===== PROVIDED RECORDS

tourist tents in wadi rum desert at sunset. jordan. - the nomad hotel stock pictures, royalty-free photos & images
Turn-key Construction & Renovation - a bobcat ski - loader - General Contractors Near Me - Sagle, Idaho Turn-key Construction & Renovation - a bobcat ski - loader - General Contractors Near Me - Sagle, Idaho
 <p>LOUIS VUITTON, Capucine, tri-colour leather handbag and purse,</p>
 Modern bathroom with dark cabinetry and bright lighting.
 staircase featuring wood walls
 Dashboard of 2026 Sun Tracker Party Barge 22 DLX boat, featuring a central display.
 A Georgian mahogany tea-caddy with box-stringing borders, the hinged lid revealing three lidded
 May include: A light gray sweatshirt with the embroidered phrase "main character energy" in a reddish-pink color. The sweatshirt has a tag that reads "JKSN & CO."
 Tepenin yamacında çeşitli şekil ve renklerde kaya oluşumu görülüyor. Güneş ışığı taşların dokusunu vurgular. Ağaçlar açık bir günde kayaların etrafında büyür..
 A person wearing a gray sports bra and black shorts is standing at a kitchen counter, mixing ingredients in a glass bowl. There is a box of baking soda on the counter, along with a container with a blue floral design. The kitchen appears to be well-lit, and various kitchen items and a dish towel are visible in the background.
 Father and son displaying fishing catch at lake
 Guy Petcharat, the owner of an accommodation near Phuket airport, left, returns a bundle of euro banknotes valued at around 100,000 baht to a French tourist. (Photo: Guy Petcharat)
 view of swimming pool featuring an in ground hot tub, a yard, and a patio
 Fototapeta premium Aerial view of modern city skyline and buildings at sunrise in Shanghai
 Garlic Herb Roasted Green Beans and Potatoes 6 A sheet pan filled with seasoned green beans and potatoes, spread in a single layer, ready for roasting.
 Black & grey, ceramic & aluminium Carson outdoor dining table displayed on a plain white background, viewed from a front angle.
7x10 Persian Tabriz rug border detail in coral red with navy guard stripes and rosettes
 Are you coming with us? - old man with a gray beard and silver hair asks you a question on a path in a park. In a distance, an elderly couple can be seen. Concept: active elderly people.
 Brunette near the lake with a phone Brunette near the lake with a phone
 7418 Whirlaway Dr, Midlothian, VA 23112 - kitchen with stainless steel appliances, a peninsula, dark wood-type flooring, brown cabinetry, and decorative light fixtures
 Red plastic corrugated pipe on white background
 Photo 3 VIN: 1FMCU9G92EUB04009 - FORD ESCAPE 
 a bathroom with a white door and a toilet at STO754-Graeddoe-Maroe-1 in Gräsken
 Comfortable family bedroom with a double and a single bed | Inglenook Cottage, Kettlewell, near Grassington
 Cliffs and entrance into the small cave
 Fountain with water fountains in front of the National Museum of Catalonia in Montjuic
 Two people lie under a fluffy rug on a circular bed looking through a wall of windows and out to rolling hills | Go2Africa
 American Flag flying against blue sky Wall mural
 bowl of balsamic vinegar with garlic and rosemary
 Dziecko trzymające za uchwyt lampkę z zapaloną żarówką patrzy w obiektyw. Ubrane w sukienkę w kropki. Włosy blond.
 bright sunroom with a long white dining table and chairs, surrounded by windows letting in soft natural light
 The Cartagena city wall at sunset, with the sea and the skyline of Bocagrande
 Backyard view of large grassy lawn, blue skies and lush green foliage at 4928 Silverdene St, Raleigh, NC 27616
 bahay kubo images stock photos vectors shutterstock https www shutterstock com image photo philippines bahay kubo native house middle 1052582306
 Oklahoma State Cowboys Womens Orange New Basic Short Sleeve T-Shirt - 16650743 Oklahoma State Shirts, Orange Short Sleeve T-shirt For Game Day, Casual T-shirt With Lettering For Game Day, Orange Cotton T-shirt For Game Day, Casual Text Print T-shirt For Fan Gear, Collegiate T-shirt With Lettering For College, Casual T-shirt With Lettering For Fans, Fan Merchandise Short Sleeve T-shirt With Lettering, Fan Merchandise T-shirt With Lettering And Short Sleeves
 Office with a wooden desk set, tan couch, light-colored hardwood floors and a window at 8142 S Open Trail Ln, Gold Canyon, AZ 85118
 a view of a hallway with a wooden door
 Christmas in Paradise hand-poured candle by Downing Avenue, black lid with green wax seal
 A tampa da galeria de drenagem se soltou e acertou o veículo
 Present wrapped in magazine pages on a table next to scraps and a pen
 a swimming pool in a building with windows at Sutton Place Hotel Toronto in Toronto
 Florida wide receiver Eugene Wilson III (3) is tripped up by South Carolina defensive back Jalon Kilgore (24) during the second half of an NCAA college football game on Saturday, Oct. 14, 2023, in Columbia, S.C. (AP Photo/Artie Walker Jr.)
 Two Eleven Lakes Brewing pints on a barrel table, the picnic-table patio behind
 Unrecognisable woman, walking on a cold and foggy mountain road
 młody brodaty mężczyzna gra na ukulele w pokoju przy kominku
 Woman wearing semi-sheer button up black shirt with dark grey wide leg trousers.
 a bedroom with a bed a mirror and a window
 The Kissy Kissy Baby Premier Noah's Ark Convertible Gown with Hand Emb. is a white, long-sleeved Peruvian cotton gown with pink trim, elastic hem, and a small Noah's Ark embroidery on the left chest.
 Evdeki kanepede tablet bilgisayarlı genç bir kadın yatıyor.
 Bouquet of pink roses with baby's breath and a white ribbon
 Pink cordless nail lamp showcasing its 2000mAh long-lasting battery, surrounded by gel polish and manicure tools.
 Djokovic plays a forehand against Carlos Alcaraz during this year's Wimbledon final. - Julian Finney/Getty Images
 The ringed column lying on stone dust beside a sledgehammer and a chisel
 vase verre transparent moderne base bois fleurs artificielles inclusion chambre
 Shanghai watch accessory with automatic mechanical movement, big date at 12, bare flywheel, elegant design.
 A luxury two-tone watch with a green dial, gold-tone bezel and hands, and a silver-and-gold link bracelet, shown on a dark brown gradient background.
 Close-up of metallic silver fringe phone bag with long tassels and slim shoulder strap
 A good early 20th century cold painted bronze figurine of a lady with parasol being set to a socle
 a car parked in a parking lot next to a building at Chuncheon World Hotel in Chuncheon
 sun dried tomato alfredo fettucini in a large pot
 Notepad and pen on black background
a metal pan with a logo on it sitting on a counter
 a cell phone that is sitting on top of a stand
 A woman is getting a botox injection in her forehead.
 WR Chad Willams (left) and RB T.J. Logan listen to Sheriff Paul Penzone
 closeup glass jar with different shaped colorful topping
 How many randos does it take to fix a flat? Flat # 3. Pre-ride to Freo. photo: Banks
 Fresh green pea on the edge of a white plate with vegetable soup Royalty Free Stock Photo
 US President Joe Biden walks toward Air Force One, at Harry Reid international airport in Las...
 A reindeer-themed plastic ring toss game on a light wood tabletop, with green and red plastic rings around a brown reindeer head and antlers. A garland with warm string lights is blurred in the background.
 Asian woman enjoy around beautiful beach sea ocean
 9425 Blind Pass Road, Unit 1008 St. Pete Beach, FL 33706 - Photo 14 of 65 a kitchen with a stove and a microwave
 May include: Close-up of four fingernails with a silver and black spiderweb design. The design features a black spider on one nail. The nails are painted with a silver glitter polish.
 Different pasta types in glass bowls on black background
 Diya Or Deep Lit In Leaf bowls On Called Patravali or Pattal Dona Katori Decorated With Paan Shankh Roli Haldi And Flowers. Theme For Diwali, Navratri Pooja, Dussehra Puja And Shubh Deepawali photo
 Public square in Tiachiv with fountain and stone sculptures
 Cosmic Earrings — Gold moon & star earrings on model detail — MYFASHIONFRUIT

==========

■ **YOUR GOAL**: What you return should be exactly the lines above, starting at the one with "Two Eleven Lakes" and ending at the one with "młody brodaty mężczyzna", and nothing else.

■ **EXERCISE RESPONSE**:
 Two Eleven Lakes Brewing pints on a barrel table, the picnic-table patio behind
 Unrecognisable woman, walking on a cold and foggy mountain road
 młody brodaty mężczyzna gra na ukulele w pokoju przy kominku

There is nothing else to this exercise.